By Jake Coyle/AP Film Writer
“Memory“ is an interesting title for the latest Liam Neeson thriller. Do you remember the last Liam Neeson thriller? Or the one before that? Who was it that got took in that one? It began getting hard to tell these films from one another years ago, and yet they’ve kept coming. “Key & Peele“ only seems more prophetic for making the actor’s name plural. “Liam Neesons” is right. He contains, and kills, multitudes.
“Memory,” which opened in theaters Friday, doesn’t much alter the formula but makes for a brutal and bleak variation on the Liam Neeson theme. It casts a broader, more interwoven noir tapestry set around the Texas borderlands, with an ensemble cast including Guy Pearce, Monica Bellucci, and Ray Stevenson. If you come to “Memory” hoping Neeson is going to growl one-liners like “Commit THAT to memory!” or “If memory serves me correctly, you’re toast!“ _ you may be surprised to find a movie less interested in such action-star heroics than it is something murkier and more cynical.
Does that make it good? Well, I wouldn’t go that far. The filmmaking, by Martin Campbell, the British director of thrillers both glossy (“Casino Royale“) and gritty (“Edge of Darkness“), lacks the texture and sense of place that could have made “Memory” (much of which was shot in Bulgaria) something more than a throwaway. But the performers – Neeson and particularly Pearce –don’t phone anything in.

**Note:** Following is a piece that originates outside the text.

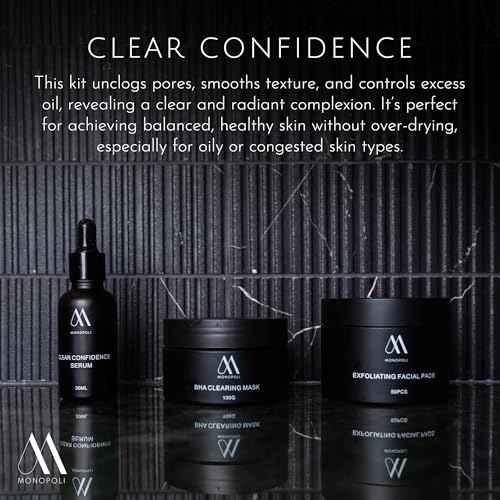 Monopoli Skin Clear Confidence Kit | Acne Serum, Exfoliating Face Pads & BHA Clearing Mask | Daily Skin Care Routine Perfect for Women and Men | Essentials for Women & Teens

Neeson plays an El Paso, Texas, assassin named Alex Lewis who tilts more toward bad guy territory than most of the actor’s protagonists. Of course, though, Alex has a moral compass that won’t tolerate certain things. He smashes one guy’s head against the bar for his rude behavior toward a prostitute. And he won’t kill kids. When Alex refuses to kill a 13-year-old girl (Mia Sanchez), a crime syndicate seeking to cover up a child trafficking ring comes after him. At the same time, Alex is beginning to experience early onset Alzheimer’s. That, curiously, only seldom affects his mission to protect the girl and bring down the syndicate, but it does make Alex even bolder; his life is fading away, anyway.
At the same time, the FBI agent Vincent Serra (Pearce) is trying to bring down the ring and is watching over the very same teenage girl, but his higher-ups keep pushing him toward other cases. Pearce’s very presence in a memory-loss thriller is a nod to “Memento.” In one scene, when Neeson writes clues on his forearm to help himself remember, you half expect Pearce to grab the pen and give him a few pointers. There’s much that’s familiar in “Memory,” a remake of the 2003 Belgian thriller “Memory of a Killer.”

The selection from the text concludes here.